→ **Work to be completed**: Go through the listing below and repeat it exactly, dropping the pictures.

→ **Dataset excerpt**:
★ ★ ★ ★ ★ ★ ★

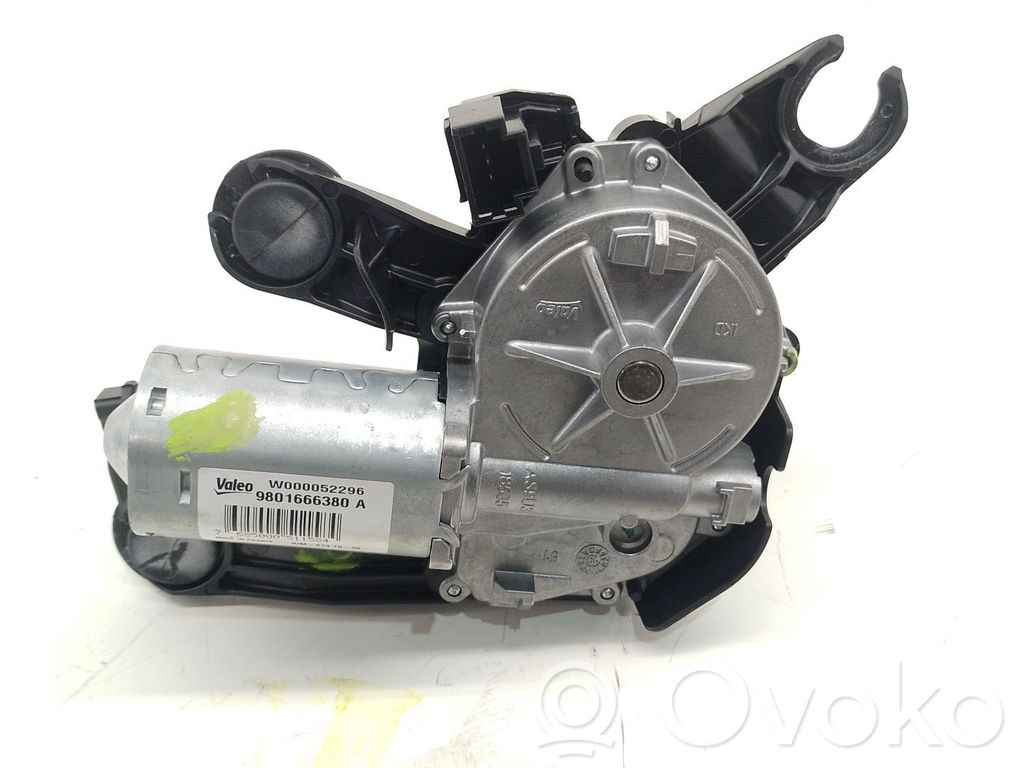 Citroen C4 SpaceTourer Wischermotor Heckscheibe 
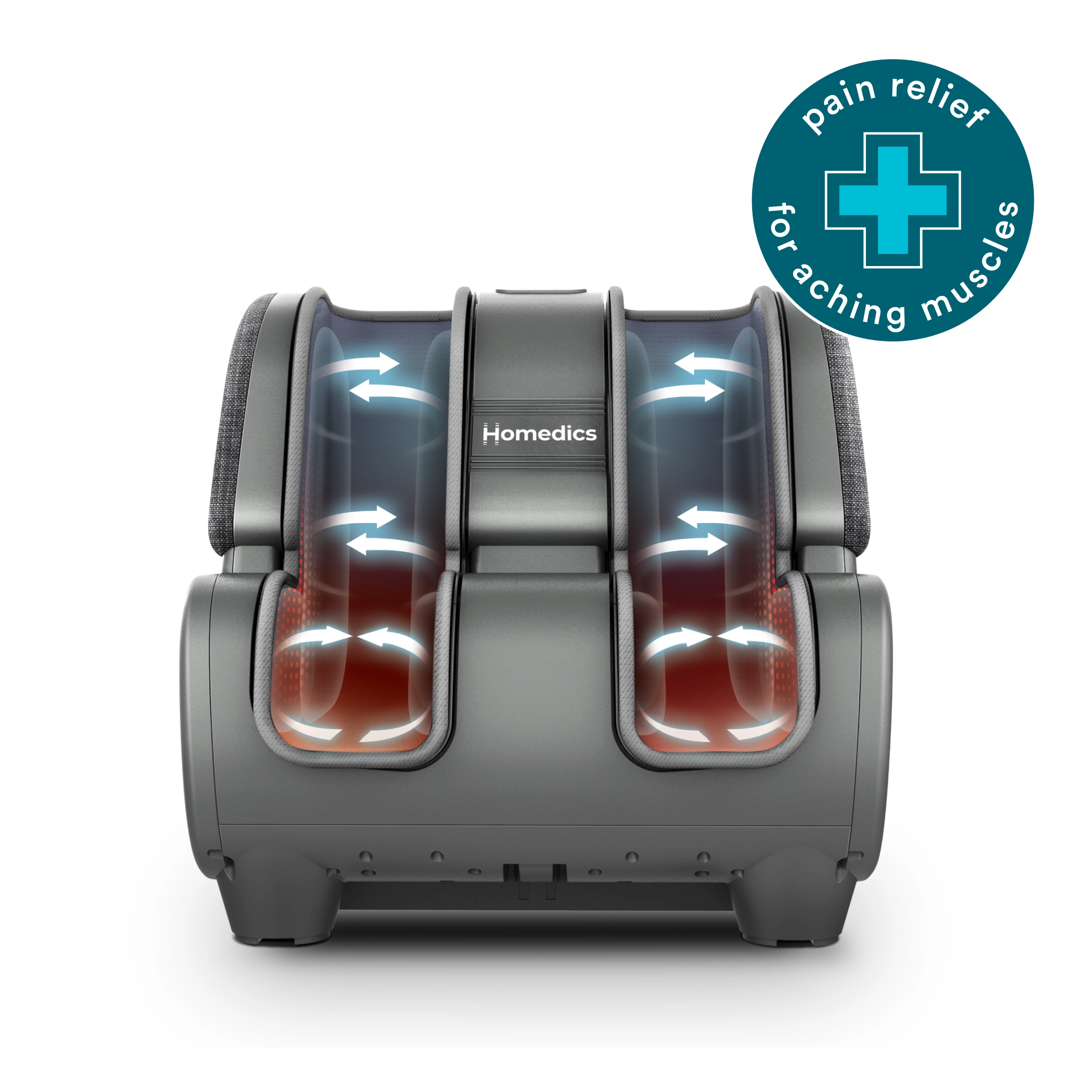 Deluxe Foot & Calf Massager with Heat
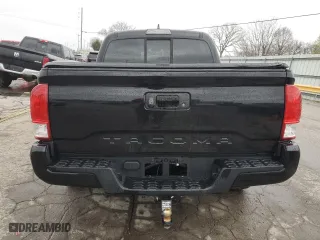2017 Toyota Tacoma SR with VIN 5TFAX5GN0HX086492, listed as a Copart auction lot 49544535 with 108,432 mi miles and Salvage Title. Bid and sale history available at carsss.com. Image 6.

★ ★ ★ ★ ★ ★ ★

→ **Task answer**:
 Citroen C4 SpaceTourer Wischermotor Heckscheibe 
 Deluxe Foot & Calf Massager with Heat
2017 Toyota Tacoma SR with VIN 5TFAX5GN0HX086492, listed as a Copart auction lot 49544535 with 108,432 mi miles and Salvage Title. Bid and sale history available at carsss.com. Image 6.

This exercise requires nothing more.